Top 10 Lists

Top 10 Marriage Secrets

  1. Two times a week, we go to a nice restaurant, a little wine, good food and companionship. She goes Tuesdays. I go Fridays.
  2. We also sleep in separate beds. Hers is in Florida, mine is in NY.
  3. I take my wife everywhere, but she keeps finding her way back.
  4. I asked my wife, "Where do you want to go for our anniversary?"  "Somewhere I haven't been in a long time!"  So I suggested, "How about the kitchen?"
  5. We always hold hands. If I let go, she shops.
  6. She has an electric blender, electric toaster, and electric bread maker. Then she said "There are too many gadgets, and no place to sit down!"  So I bought her an electric chair.
  7. My wife told me the car wasn't running well, there was water in the carburetor. When I asked where the car was, she told me "In the lake."
  8. My wife is on a new diet. Coconuts and bananas. She hasn't lost weight, but BOY, can she climb a tree now!
  9. She got a mudpack and looked great for two days. Then the mud fell off...
  10. She ran after the garbage truck, yelling, "Am I too late for the garbage?" The driver said, "No, jump in!"

Copyright © 2013 - All Rights Reserved - Used with Permission.
Anonymous

Difference Between Men & Women

  1. A man will pay 2 dollars for a 1 dollar item he wants. A woman will pay 1 dollar for a 2 dollar item that she doesn't want.
  2. A woman worries about the future until she gets a husband. A man never worries about the future until he gets a wife.
  3. A successful man is one who makes more money than his wife can spend. A successful woman is one who can find such a man.
  4. To be happy with a man you must understand him a lot and love him a little. To be happy with a woman you must love her a lot and not try to understand her at all.
  5. Married men live longer than single men but married men are a lot more willing to die.
  6. Any married man should forget his mistakes there's no use in two people remembering the same thing.
  7. Men wake up as good looking as they went to bed. Women somehow deteriorate during the night.
  8. A woman marries a man expecting he will change, but he doesn't.

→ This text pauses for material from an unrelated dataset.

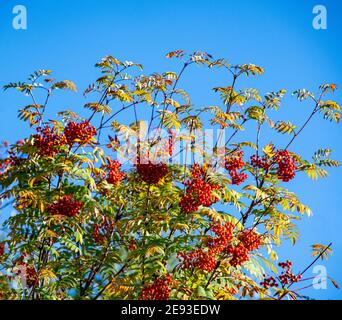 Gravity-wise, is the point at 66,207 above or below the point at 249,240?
above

A man marries a woman expecting that she won't change and she does.
  9. A woman has the last word in any argument. Anything a man says after that is the beginning of a new argument.
  10. There are 2 times when a man doesn't understand a woman - before marriage and after marriage.

Copyright © 2013 - All Rights Reserved - Used with Permission.
Anonymous

10 More Signs You Might Be a Redneck

You might be a redneck if...

  1. Your richest relative buys a new house and you have to help take the wheels off it.
  2. In an effort to watch your cholesterol, you eat Spam Lite.
  3. Your idea of a seven course meal is a bucket of KFC and a sixpack.
  4. You go to a tupperware party for a haircut.
  5. You've ever spray painted your girlfriend's name on an overpass.
  6. Your lifetime goal is to own a fireworks stand.
  7. Someone asks to see your ID and you show them your belt buckle.
  8. Your Junior/Senior Prom had a day care.
  9. The directions to your house include "turn off the paved road".
  10. Your dog and your wallet are both on chains.